* [Dataset excerpts]
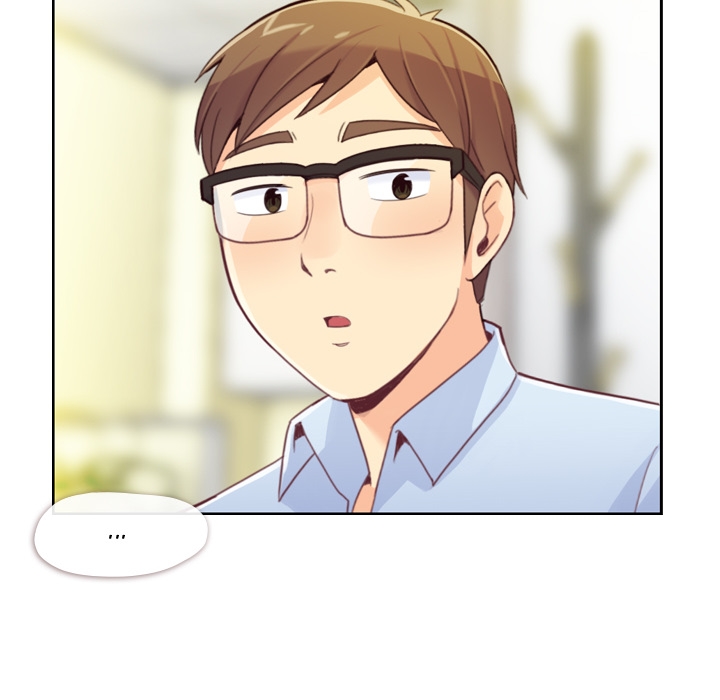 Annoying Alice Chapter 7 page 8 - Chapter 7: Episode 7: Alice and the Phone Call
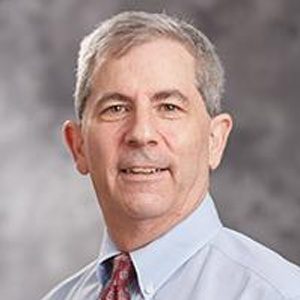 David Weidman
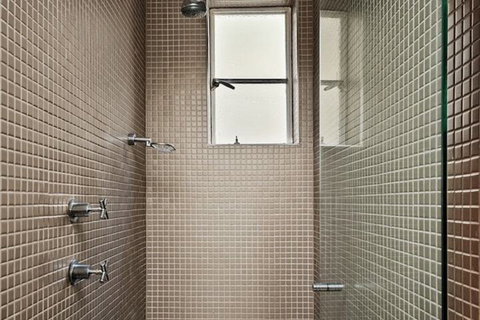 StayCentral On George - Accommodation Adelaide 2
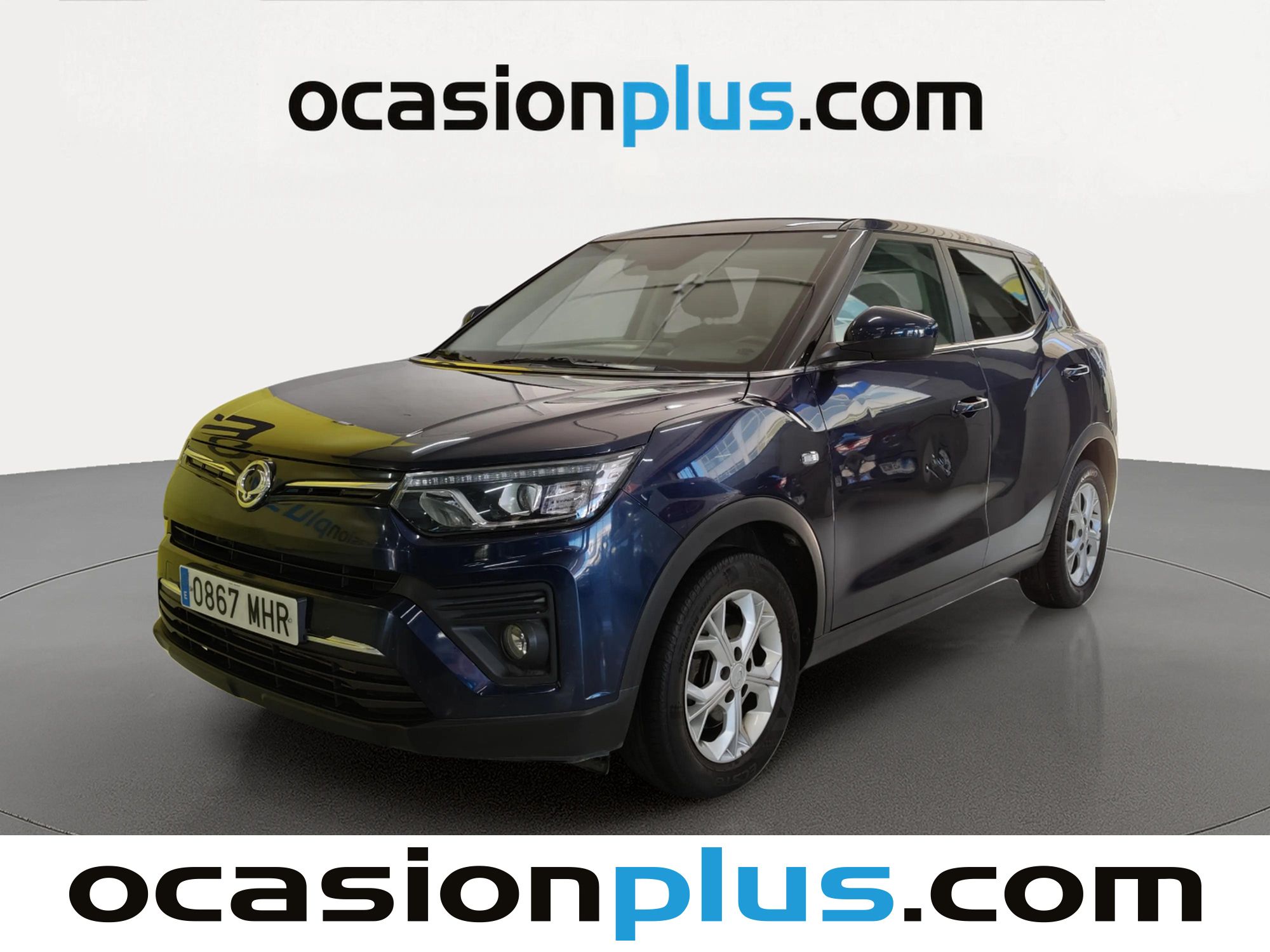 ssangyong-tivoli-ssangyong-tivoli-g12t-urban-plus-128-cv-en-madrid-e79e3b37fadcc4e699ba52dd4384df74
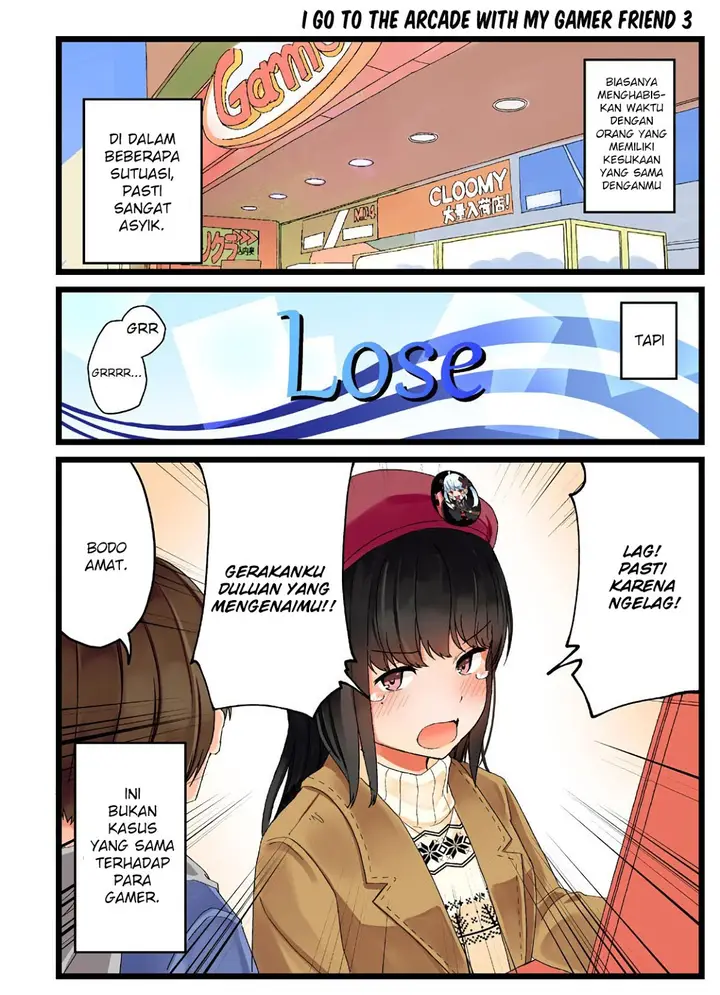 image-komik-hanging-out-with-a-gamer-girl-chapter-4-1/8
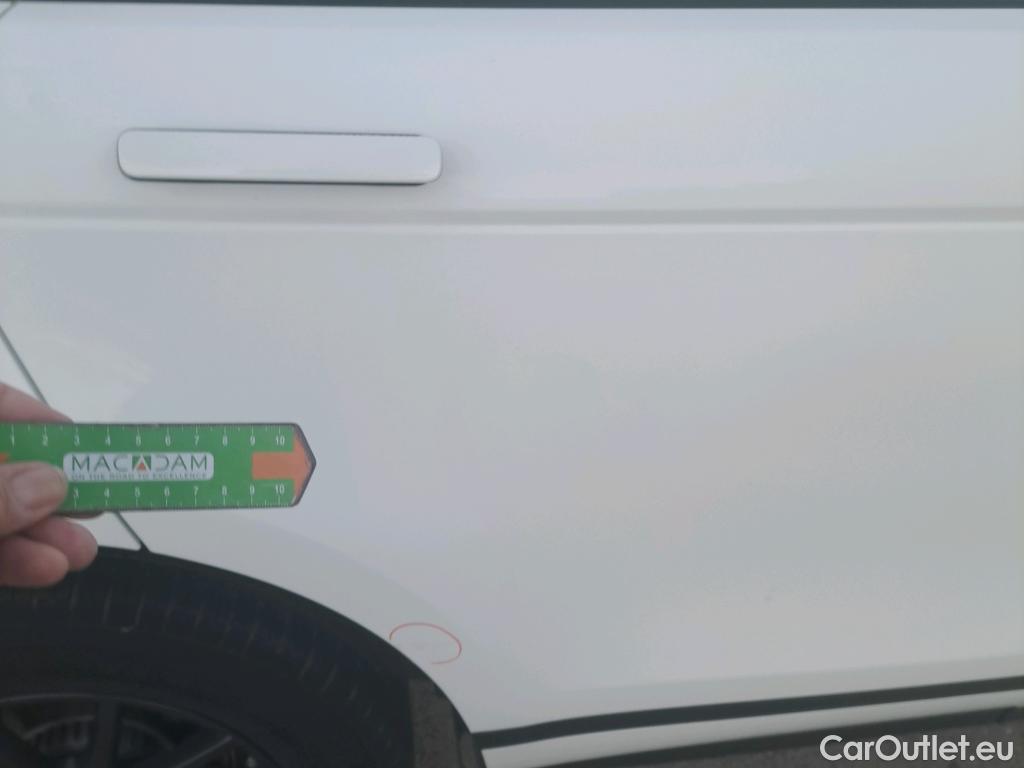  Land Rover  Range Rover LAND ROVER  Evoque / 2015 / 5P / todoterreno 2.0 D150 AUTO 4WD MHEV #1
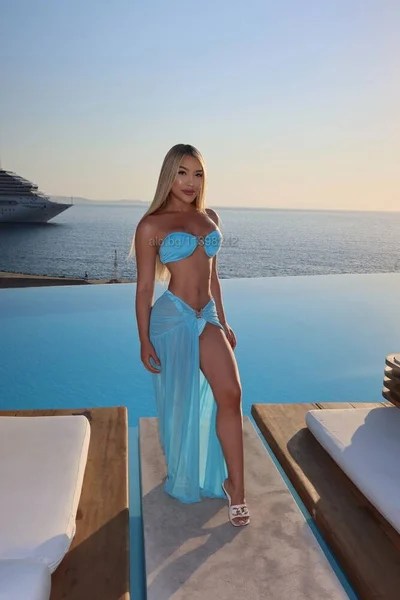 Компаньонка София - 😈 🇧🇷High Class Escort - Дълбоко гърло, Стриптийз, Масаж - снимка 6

* [Exercise description] Keep every word of the data as it is when you write it out, but drop the pictures.

* [Output for this exercise]
 Annoying Alice Chapter 7 page 8 - Chapter 7: Episode 7: Alice and the Phone Call
 David Weidman
 StayCentral On George - Accommodation Adelaide 2
 ssangyong-tivoli-ssangyong-tivoli-g12t-urban-plus-128-cv-en-madrid-e79e3b37fadcc4e699ba52dd4384df74
 image-komik-hanging-out-with-a-gamer-girl-chapter-4-1/8
  Land Rover  Range Rover LAND ROVER  Evoque / 2015 / 5P / todoterreno 2.0 D150 AUTO 4WD MHEV #1
 Компаньонка София - 😈 🇧🇷High Class Escort - Дълбоко гърло, Стриптийз, Масаж - снимка 6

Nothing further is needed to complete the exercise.